This project aims to predict the behavior of bank customers regarding their deposit subscription. It involves building predictive models using various machine learning algorithms and evaluating their performance.
The dataset contains information about bank customers, including demographic features, financial status, and previous marketing interactions. It consists of 11,162 entries and 15 columns.
- Modified the target variable to have binary values (0/1).
- Assessed categorical variables and visualized their distributions.
- Conducted feature engineering and handled categorical variables by creating dummy features.
- Scaled numerical features using MinMax scaling.
- Divided the data into train and test sets.
- Built logistic regression and random forest models.
- Evaluated the models' performance on both training and test sets.
- Conducted cross-validation to assess the models' generalization performance.
- Utilized Recursive Feature Elimination (RFE) and Recursive Feature Elimination with Cross-Validation (RFECV) for feature selection.
- Identified important features based on model performance and cross-validation scores.
- Performed hyperparameter tuning using RandomizedSearchCV for the Random Forest model.

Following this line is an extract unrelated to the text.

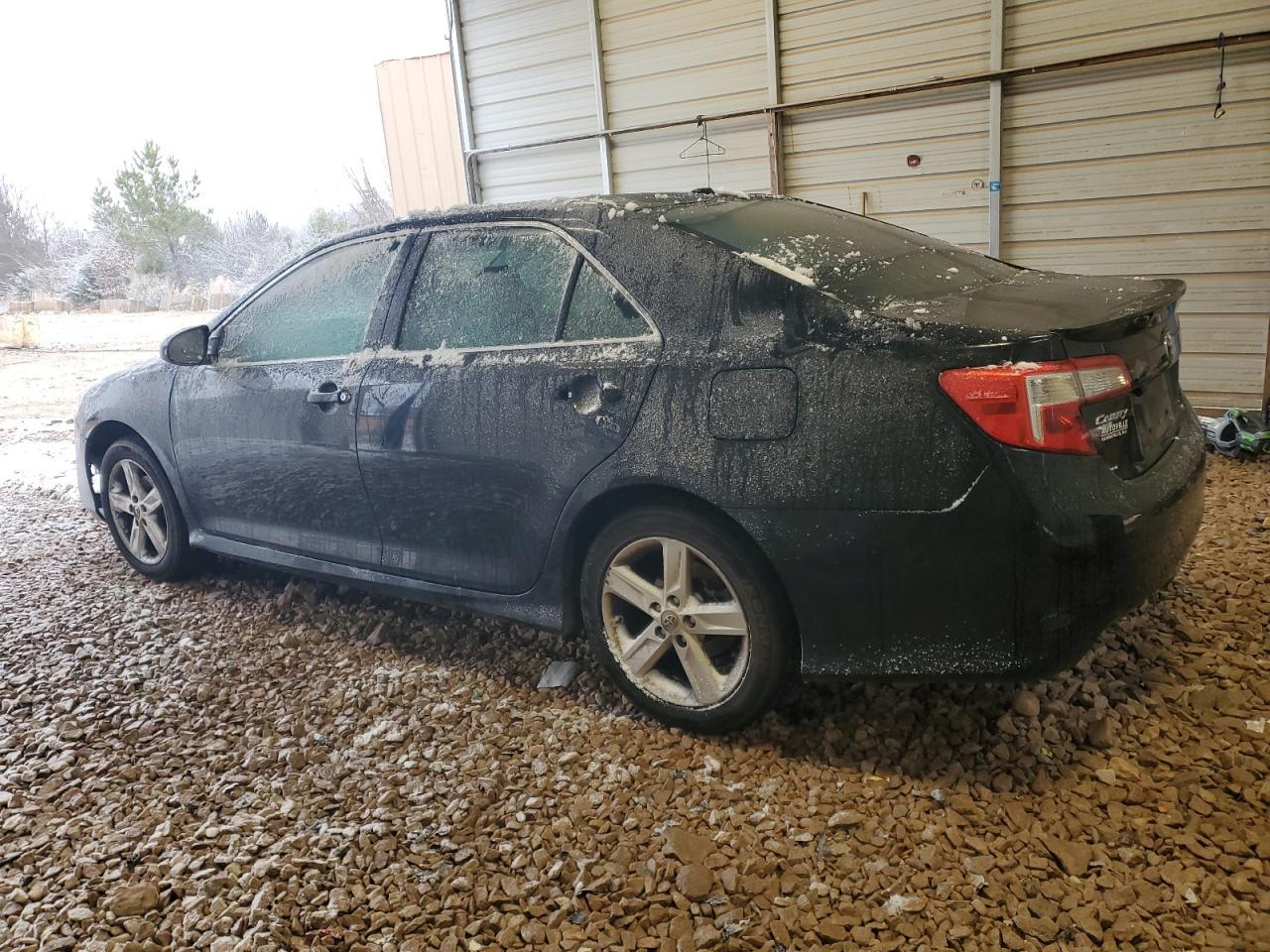 2013 TOYOTA CAMRY L - Фото 2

- Evaluated various combinations of hyperparameters to optimize the model's performance.
-
Logistic Regression:
- Training Accuracy: 70.98%
- Test Accuracy: 69.32%
-
Random Forest:
- Training Accuracy: 99.85%
- Test Accuracy: 69.32%
-
Cross-Validation:
- Logistic Regression Mean CV Score: 70.24%
- Random Forest Mean CV Score: 69.24%
- LeaveOneOut Mean SV Score: 66.90%
-
Hyperparameter Tuning:
- Best Random Forest Model:
- Max Depth: 15
- Max Features: 15
- Min Samples Leaf: 20
- N Estimators: 100
- Mean CV Score: 71.86%
- Best Random Forest Model:
- Logistic Regression and Random Forest models were built to predict bank customers' deposit subscription behavior.

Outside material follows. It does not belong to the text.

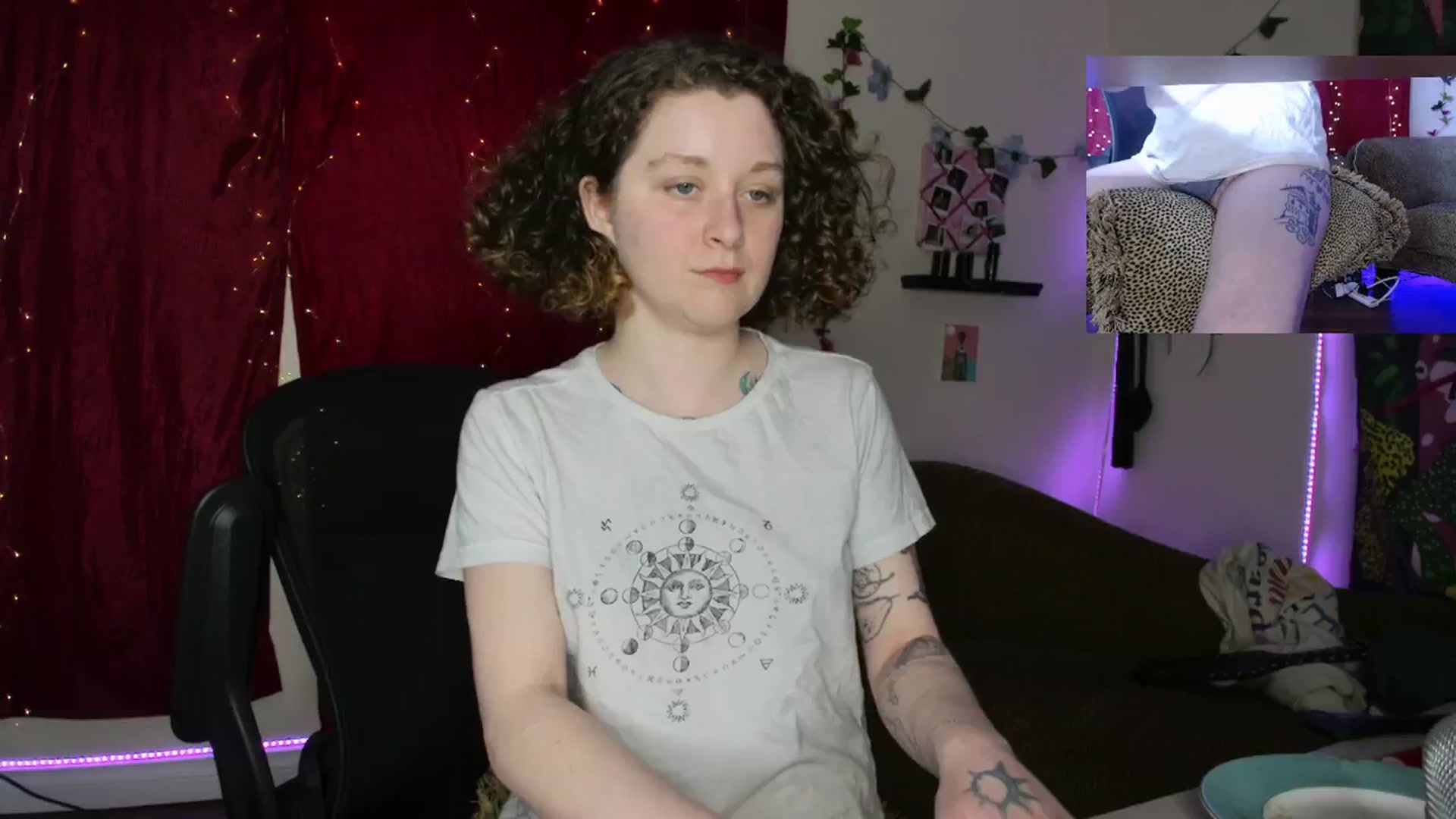 Gallery image thumbnail from PeachyQueen_'s myfreecams stream on, 03/18/2024, 19:51 image 10 of 20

- Feature selection techniques such as RFE and RFECV were employed to identify important features.
- Hyperparameter tuning was performed to optimize the Random Forest model's performance.
- The best-performing model achieved an accuracy of 71.86% on cross-validation.
- Further improvements could be made by exploring other machine learning algorithms and conducting more extensive feature engineering.